We sit down, I start to say hello and Man B interrupts to demand my passport. Then my name. Then my address in the UK. Then a signature.

Mr Saigal shows me around and I note that everyone else has nicer rooms than I do. Downstairs, he explains that the guests come and go in the evenings but there is usually someone in the main living room.

I seize the opportunity to escape for a few hours to take a stroll in the nearby Deer Park and the craft shops of Hauz Khas village, but it is apparently Lord Shiva’s birthday and half of them are closed. Muttering darkly about this being just the sort of local knowledge the Mahindra hosts are supposed to have at their fingertips, I return to my room, eyeing the narrow single beds balefully and planning to hunker down until I can escape at dawn. I call my wife. ‘Don’t be stupid. Go out and see who is there. You’ll enjoy it,’ she tells me crossly.

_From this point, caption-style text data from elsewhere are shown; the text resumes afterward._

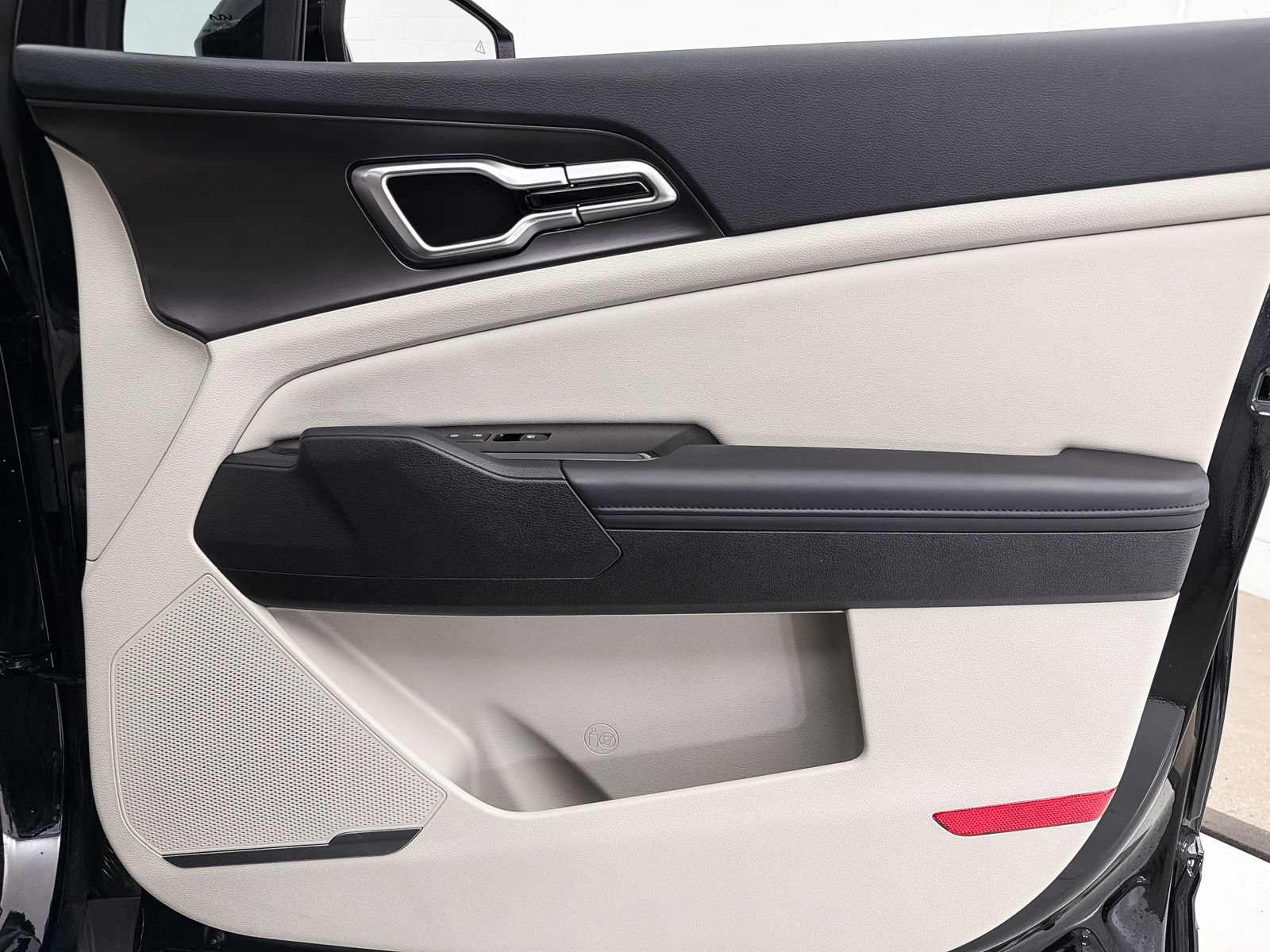 Certified 2025 Kia Sportage EX FWD image 25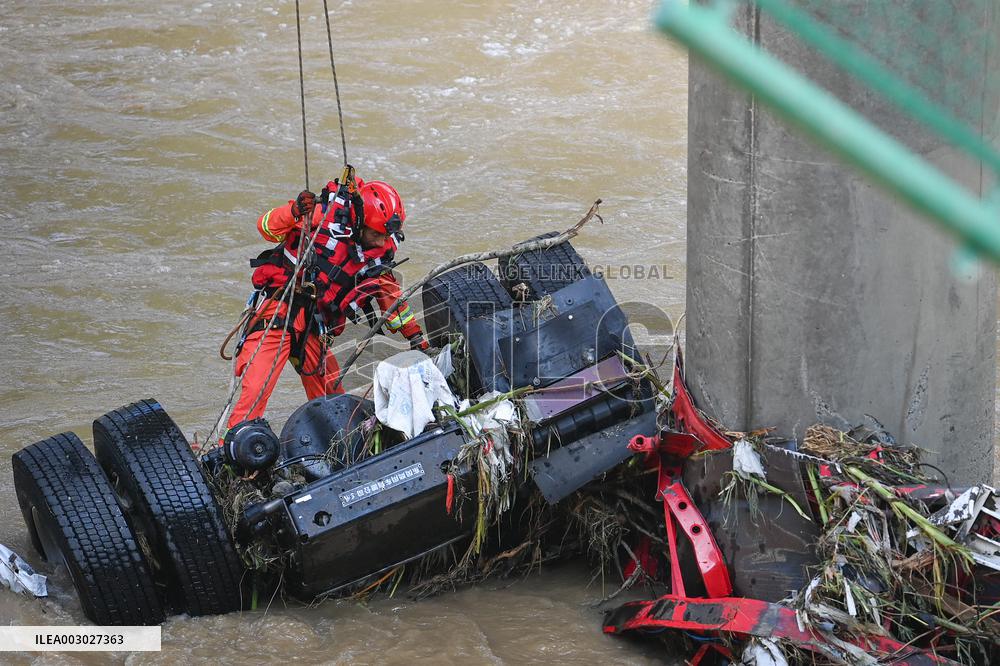 (SpotNews)CHINA-SHAANXI-ZHASHUI-BRIDGE COLLAPSE-RESCUE (CN)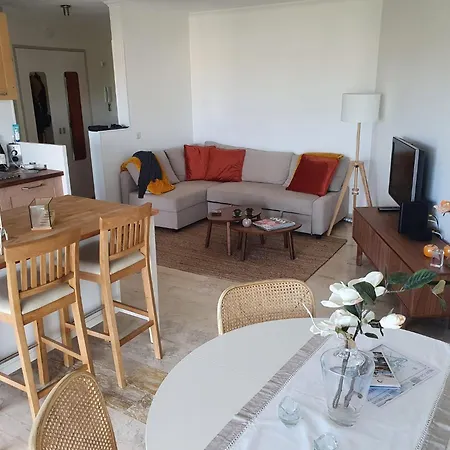 2 Bedroom In A Secure In With A Shared Pool And Close To The Center - 2301 *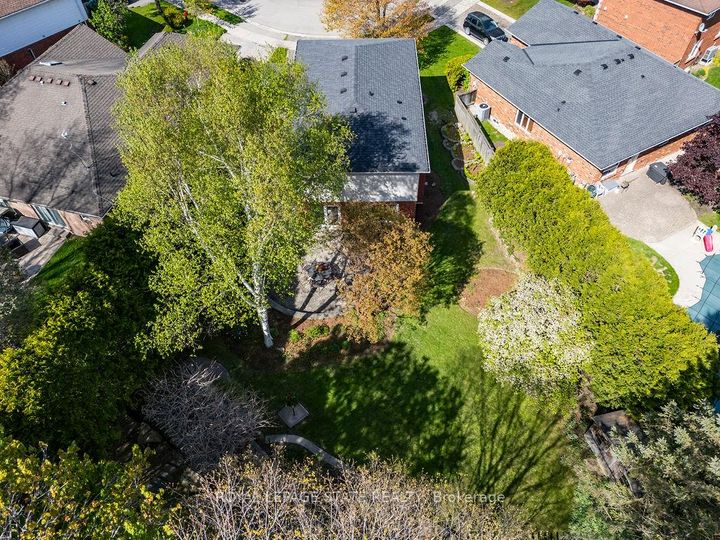 Photo 43 at 16 Linington Trail, Dundas, Hamilton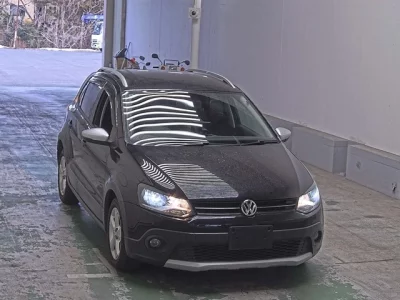 Volkswagen CROSS POLO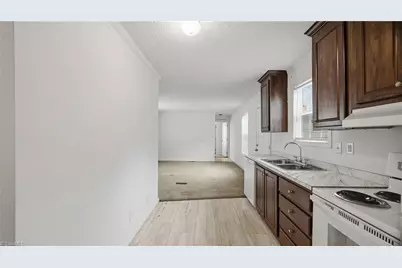 692 Topnot Road, Yanceyville, NC 27379 - Photo 12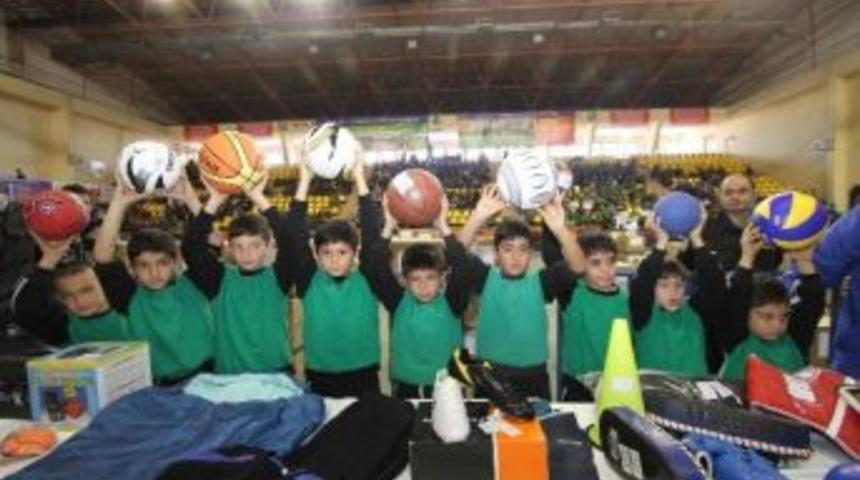 Gebze'de Amat&ouml;r Spor Kul&uuml;plerine Yardım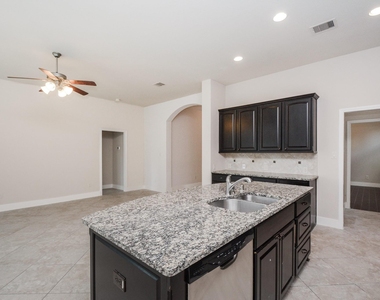 2511 Mountain Sage Drive - Photo Thumbnail 15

Reluctantly, I venture out. Mr Saigal is sitting in an armchair against the wall with a cigarette in one hand and a tumbler of whisky in the other. A bottle is fetched and a glass for me. More people appear, including a Norwegian woman dressed in a salwar kameez and Sunil’s brother, Raman. Then Mrs Saigal - Rashmi - ambles in. At some point, a businessman arrives; he does something in television. More whisky appears. They are all lovely. I learn many things, then promptly forget them. If the idea is to give guests a flavour of the real India, it is working - the flavour is whisky.

It is gone 1.30am when I grope blearily for the door handle and discover that I am physically incapable of forming letters on the page of my notebook. All I can remember is that at some point in the evening I agreed to buy a car. I have no idea what sort though, if pushed, I would guess that it was probably pink.